In an action to recover damages for dental malpractice, etc., the plaintiffs appeal from a judgment of the Supreme Court, Queens County (Sampson, J.), dated May 16, 2005, which, upon an order of the same court granting the defendant’s motion for judgment as a matter of law pursuant to CPLR 4401, is in favor of the defendant and against them dismissing the complaint.
Ordered that the judgment is reversed, on the law, the order is vacated, the motion is denied, the complaint is reinstated, and a new trial is granted, with costs to abide the event.
The plaintiffs commenced this action to recover damages for *390dental malpractice following oral surgery performed by the defendant. At trial, the defendant, called as a witness by the plaintiffs, claimed that the injured plaintiffs impairment of the mental nerve was the result of scar tissue which adhered to the mental nerve. The defendant prepared no notes as to what occurred during surgery. It was therefore impossible to determine what type of trauma was inflicted upon the nerve.
The plaintiffs’ expert, Dr. William Donlon, testified that scar tissue was not a cause of the condition since the condition appeared immediately after surgery. Dr. Donlon testified that the status of the nerve should have been determined before the defendant sutured the wound and that failure to do so was a departure from accepted standards of care which substantially contributed to the injury. Moreover, according to Dr. Donlon, there was a departure from the accepted standard of care in failing to perform a baseline mapping of the nerve. The failure to map the nerve led “to the inability to intervene, or even evaluate the patient for possible interventions in a timely fashion.” Further, Dr. Donlon testified that it was a departure from the accepted standard of care not to refer the injured plaintiff to a nerve specialist after surgery and that this failure “led directly to the permanency of the condition.” On cross-examination Dr. Donlon testified that “[t]here were treatments that could have helped her with a reasonable degree of medical certainty.”
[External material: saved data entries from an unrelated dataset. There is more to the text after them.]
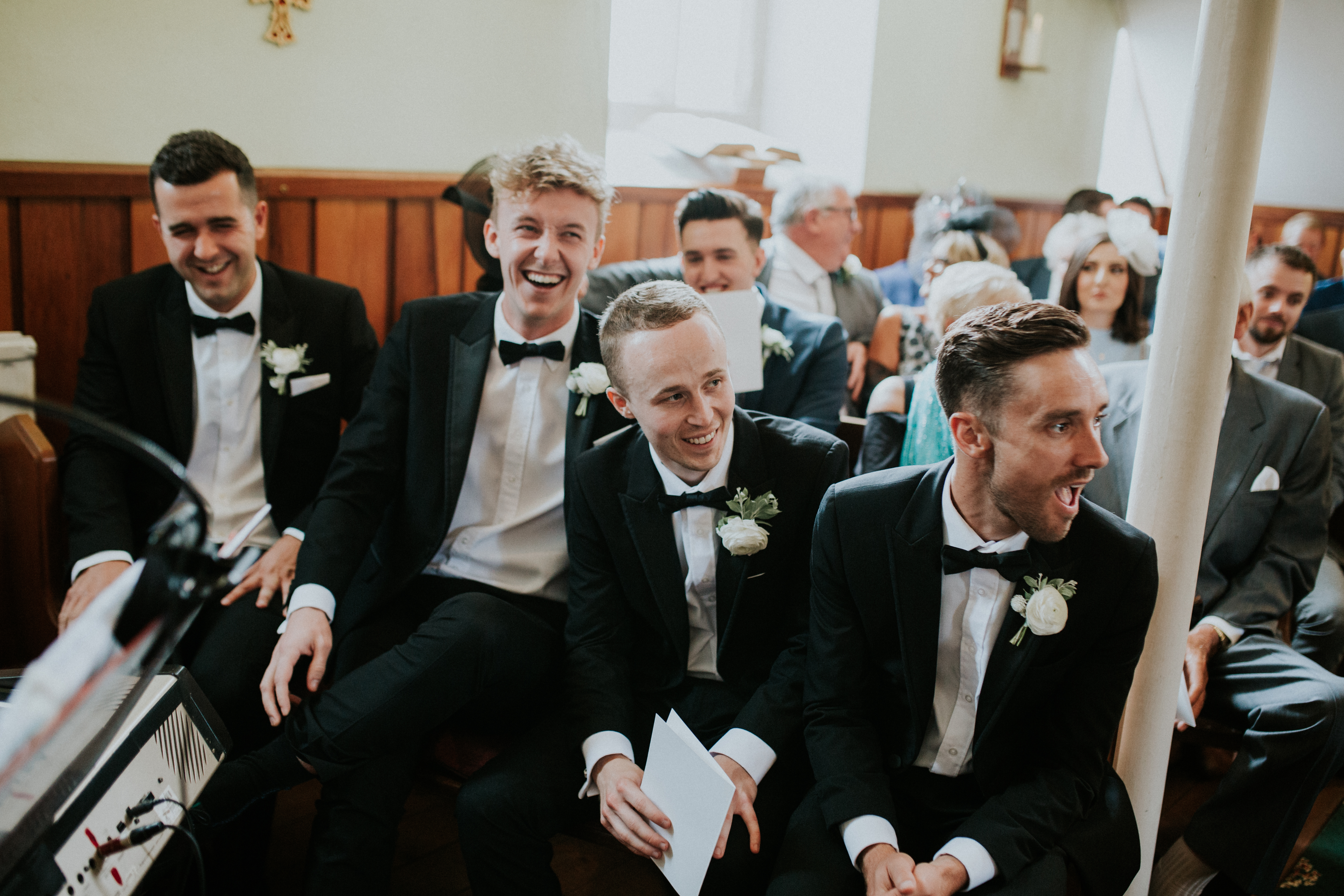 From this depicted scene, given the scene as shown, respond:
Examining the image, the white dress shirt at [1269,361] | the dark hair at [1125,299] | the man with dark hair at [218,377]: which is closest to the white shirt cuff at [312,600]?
the man with dark hair at [218,377]

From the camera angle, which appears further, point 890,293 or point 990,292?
point 890,293

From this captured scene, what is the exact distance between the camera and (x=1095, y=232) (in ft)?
10.7

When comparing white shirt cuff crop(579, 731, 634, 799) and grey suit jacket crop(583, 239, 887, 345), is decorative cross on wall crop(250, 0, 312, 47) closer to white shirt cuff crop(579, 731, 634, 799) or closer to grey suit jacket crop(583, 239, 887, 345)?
grey suit jacket crop(583, 239, 887, 345)

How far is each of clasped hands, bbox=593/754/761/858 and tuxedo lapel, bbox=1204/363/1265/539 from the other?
1.43m

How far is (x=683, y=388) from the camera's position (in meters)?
1.78

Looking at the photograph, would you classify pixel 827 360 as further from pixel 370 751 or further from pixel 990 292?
pixel 370 751

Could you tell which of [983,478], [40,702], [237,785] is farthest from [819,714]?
[40,702]

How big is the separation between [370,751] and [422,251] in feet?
7.46

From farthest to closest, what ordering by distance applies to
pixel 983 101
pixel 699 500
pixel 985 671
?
1. pixel 983 101
2. pixel 699 500
3. pixel 985 671

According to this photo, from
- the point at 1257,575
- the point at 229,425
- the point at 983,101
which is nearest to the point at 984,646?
the point at 1257,575

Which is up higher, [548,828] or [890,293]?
[890,293]

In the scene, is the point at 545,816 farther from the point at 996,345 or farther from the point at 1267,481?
the point at 1267,481

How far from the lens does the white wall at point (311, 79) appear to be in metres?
2.69

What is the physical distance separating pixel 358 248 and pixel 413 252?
8.5 inches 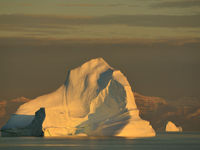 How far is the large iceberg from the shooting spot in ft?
232

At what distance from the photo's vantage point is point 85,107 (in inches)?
2830

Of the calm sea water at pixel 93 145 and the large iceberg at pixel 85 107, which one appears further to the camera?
the large iceberg at pixel 85 107

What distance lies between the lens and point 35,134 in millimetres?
72188

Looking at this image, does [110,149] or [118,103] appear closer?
[110,149]

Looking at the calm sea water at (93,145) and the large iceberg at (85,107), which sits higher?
the large iceberg at (85,107)

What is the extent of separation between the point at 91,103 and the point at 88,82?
2552 millimetres

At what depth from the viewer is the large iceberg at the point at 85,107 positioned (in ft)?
232

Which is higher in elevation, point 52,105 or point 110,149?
point 52,105

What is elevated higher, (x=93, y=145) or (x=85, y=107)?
(x=85, y=107)

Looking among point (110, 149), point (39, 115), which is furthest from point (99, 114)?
point (110, 149)

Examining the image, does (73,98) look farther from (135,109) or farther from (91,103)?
(135,109)

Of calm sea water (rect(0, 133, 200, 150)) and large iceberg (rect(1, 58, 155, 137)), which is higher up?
large iceberg (rect(1, 58, 155, 137))

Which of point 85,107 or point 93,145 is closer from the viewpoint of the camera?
point 93,145

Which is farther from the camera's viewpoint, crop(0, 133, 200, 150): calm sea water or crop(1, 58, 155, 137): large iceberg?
crop(1, 58, 155, 137): large iceberg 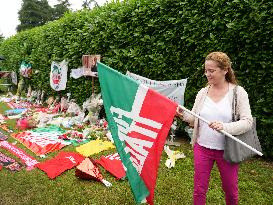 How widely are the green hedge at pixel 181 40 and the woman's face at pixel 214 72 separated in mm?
2903

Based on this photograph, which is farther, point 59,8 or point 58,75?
point 59,8

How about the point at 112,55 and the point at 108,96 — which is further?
the point at 112,55

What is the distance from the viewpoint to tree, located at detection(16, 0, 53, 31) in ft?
202

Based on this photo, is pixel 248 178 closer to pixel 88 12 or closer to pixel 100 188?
pixel 100 188

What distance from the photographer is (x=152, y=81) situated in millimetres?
7152

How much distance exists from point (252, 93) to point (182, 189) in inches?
98.8

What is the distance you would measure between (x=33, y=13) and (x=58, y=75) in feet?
185

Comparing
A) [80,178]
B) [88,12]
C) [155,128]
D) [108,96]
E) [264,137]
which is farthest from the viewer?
[88,12]

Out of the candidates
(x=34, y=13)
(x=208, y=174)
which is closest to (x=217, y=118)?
(x=208, y=174)

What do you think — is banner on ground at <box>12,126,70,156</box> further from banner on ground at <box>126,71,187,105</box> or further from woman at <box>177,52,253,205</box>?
woman at <box>177,52,253,205</box>

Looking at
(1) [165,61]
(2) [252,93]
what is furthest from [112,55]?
(2) [252,93]

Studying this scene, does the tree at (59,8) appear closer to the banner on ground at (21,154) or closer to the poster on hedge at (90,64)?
the poster on hedge at (90,64)

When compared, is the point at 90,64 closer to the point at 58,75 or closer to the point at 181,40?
the point at 58,75

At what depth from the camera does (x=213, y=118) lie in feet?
10.3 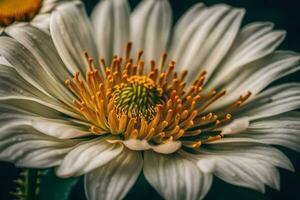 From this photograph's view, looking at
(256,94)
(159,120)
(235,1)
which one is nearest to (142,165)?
(159,120)

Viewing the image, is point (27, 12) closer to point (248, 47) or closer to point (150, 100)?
point (150, 100)

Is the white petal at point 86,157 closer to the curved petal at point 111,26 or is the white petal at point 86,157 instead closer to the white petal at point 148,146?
the white petal at point 148,146

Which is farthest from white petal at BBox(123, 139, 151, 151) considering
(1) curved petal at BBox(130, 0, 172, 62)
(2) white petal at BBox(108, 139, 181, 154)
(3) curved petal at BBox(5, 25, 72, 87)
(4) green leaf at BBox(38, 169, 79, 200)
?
(1) curved petal at BBox(130, 0, 172, 62)

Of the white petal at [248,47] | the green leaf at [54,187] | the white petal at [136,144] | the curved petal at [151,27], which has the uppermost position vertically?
the curved petal at [151,27]

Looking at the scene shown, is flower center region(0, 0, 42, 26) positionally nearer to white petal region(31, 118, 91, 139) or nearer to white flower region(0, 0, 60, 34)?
white flower region(0, 0, 60, 34)

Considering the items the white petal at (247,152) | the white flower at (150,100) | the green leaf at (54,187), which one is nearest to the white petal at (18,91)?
the white flower at (150,100) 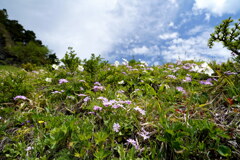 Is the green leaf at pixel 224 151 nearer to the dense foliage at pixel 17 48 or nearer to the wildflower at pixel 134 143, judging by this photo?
the wildflower at pixel 134 143

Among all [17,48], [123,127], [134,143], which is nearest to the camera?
[134,143]

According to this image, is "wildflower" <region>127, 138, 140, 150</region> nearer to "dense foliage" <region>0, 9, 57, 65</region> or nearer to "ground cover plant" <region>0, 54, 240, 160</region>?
"ground cover plant" <region>0, 54, 240, 160</region>

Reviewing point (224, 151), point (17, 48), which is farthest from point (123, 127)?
point (17, 48)

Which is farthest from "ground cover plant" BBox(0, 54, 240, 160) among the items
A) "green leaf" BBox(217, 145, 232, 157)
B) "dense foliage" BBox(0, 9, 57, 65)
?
"dense foliage" BBox(0, 9, 57, 65)

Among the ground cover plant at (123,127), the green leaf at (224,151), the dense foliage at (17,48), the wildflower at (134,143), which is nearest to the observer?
the green leaf at (224,151)

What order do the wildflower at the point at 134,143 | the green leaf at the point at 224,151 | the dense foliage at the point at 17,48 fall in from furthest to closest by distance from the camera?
the dense foliage at the point at 17,48 < the wildflower at the point at 134,143 < the green leaf at the point at 224,151

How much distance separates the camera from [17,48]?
36.0m

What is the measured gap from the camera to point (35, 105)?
244 cm

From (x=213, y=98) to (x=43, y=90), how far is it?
3.05 meters

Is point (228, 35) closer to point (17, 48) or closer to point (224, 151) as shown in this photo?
point (224, 151)

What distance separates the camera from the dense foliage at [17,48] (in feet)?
120

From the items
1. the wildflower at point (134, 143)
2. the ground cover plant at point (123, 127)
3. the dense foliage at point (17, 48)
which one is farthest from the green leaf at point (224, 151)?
the dense foliage at point (17, 48)

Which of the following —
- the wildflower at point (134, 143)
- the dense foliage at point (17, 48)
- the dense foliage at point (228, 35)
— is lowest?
the wildflower at point (134, 143)

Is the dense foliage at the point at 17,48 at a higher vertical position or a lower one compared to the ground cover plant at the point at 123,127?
higher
The defendant, testifying for the defense, acknowledged that he did not perform neurosensory mapping. However, he claimed he did not do so on the ground that the injured plaintiff showed “continued improvement” and on the ground that a mental nerve injury is “not amenable to microsurgery.” In further support of his contentions, the defendant presented the testimony of Dr. Salvatore Ruggerio that “[fit’s not absolutely essential that that kind of mapping gets done” on the ground that “in all likelihood this patient is not going to be a candidate for any surgical repair.”
“To be awarded judgment as a matter of law pursuant to CPLR 4401, a defendant has the burden of showing that, upon viewing the evidence in the light most favorable to the plaintiff, there is no rational process by which the jury could find for the plaintiff against the moving defendant” (Borawski v Huang, 34 AD3d 409 [2006]; see Farrukh v Board of Educ. of City of N.Y., 227 AD2d 440, 441 [1996]). With respect to causation, the plaintiff need only submit sufficient evidence from which a reasonable person might conclude that it was more probable than not that the injury was caused by the defendant (see Borawski v *391Huang, supra; Hughes v New York Hosp.-Cornell Med. Ctr., 195 AD2d 442, 443-444 [1993]).
In the instant case, the defendant’s claim that the nerve condition became permanent as the result of adhesion of scar tissue was refuted by Dr. Donlon and ultimately by his own testimony that the injury to the nerve may have occurred when he peeled a cystic sac off the nerve. It is undisputed that the defendant failed to perform neurosensory mapping to determine the status of the nerve after surgery. Further, the defendant failed to refer the injured plaintiff to a nerve specialist which, in Dr. Donlon’s opinion, “led directly to the permanency of the condition.”
The testimony submitted by the defendant that a delay in diagnosing the trauma to the injured plaintiff’s mental nerve did not contribute to her condition presented an issue of credibility which should have been submitted to the jury (see Hughes v New York Hosp.-Cornell Med. Ctr., supra at 444). Crane, J.E, Rivera, Goldstein and Dickerson, JJ., concur.